Records contained in a dataset
----------
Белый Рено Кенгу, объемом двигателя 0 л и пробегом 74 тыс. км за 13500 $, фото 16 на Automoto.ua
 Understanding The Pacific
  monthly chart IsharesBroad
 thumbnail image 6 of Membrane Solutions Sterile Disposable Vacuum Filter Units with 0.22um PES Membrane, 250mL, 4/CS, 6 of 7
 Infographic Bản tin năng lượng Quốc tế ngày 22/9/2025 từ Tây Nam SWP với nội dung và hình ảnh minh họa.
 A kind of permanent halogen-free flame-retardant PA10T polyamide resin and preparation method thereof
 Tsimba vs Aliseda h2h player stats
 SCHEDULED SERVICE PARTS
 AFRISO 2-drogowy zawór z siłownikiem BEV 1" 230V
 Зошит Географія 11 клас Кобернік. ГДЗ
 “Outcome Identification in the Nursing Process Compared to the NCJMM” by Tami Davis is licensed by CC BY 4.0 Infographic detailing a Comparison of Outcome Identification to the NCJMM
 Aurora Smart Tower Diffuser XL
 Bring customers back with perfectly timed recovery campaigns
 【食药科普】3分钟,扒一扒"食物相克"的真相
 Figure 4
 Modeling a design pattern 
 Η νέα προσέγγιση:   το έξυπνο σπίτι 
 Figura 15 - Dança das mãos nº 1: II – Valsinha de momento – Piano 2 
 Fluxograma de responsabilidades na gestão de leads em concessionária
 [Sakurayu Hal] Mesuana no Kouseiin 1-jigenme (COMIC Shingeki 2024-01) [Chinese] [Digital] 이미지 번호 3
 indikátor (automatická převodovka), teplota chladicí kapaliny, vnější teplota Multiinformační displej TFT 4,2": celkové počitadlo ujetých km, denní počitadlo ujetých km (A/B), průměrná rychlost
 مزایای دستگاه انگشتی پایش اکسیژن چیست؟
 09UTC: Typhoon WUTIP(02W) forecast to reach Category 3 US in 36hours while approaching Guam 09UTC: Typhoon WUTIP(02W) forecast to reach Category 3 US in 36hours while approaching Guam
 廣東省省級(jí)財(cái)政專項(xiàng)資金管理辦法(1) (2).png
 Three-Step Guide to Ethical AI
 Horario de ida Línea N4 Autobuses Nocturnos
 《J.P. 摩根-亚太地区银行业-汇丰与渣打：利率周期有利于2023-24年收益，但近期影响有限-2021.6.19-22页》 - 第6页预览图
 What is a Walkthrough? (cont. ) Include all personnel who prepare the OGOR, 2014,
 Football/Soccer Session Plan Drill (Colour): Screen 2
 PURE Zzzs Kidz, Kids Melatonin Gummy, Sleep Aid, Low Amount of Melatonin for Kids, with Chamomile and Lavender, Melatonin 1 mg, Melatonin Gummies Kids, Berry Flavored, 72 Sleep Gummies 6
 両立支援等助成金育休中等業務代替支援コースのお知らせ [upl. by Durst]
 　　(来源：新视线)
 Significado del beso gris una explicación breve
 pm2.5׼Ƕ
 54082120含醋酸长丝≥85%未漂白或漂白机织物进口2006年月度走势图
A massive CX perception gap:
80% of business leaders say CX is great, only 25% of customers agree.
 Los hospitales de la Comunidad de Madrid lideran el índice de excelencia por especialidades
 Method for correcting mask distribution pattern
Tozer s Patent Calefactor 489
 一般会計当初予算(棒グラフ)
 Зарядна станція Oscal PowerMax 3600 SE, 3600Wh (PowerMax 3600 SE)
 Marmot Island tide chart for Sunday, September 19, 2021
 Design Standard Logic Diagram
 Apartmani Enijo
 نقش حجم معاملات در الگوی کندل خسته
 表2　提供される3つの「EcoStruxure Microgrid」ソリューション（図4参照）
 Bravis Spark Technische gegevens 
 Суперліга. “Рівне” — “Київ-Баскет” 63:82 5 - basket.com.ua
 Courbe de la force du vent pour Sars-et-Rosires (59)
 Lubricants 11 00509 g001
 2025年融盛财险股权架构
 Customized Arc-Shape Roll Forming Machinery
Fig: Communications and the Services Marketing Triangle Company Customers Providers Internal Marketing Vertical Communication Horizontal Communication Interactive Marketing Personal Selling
----------
Task statement:
Each line in the entries above, starting at the line with "مزایای دستگاه انگشتی پایش اکسیژن چیست؟" and ending at the line with "5 - basket.com.ua", is to be printed exactly, and only those lines.

Exercise answer:
 مزایای دستگاه انگشتی پایش اکسیژن چیست؟
 09UTC: Typhoon WUTIP(02W) forecast to reach Category 3 US in 36hours while approaching Guam 09UTC: Typhoon WUTIP(02W) forecast to reach Category 3 US in 36hours while approaching Guam
 廣東省省級(jí)財(cái)政專項(xiàng)資金管理辦法(1) (2).png
 Three-Step Guide to Ethical AI
 Horario de ida Línea N4 Autobuses Nocturnos
 《J.P. 摩根-亚太地区银行业-汇丰与渣打：利率周期有利于2023-24年收益，但近期影响有限-2021.6.19-22页》 - 第6页预览图
 What is a Walkthrough? (cont. ) Include all personnel who prepare the OGOR, 2014,
 Football/Soccer Session Plan Drill (Colour): Screen 2
 PURE Zzzs Kidz, Kids Melatonin Gummy, Sleep Aid, Low Amount of Melatonin for Kids, with Chamomile and Lavender, Melatonin 1 mg, Melatonin Gummies Kids, Berry Flavored, 72 Sleep Gummies 6
 両立支援等助成金育休中等業務代替支援コースのお知らせ [upl. by Durst]
 　　(来源：新视线)
 Significado del beso gris una explicación breve
 pm2.5׼Ƕ
 54082120含醋酸长丝≥85%未漂白或漂白机织物进口2006年月度走势图
A massive CX perception gap:
80% of business leaders say CX is great, only 25% of customers agree.
 Los hospitales de la Comunidad de Madrid lideran el índice de excelencia por especialidades
 Method for correcting mask distribution pattern
Tozer s Patent Calefactor 489
 一般会計当初予算(棒グラフ)
 Зарядна станція Oscal PowerMax 3600 SE, 3600Wh (PowerMax 3600 SE)
 Marmot Island tide chart for Sunday, September 19, 2021
 Design Standard Logic Diagram
 Apartmani Enijo
 نقش حجم معاملات در الگوی کندل خسته
 表2　提供される3つの「EcoStruxure Microgrid」ソリューション（図4参照）
 Bravis Spark Technische gegevens 
 Суперліга. “Рівне” — “Київ-Баскет” 63:82 5 - basket.com.ua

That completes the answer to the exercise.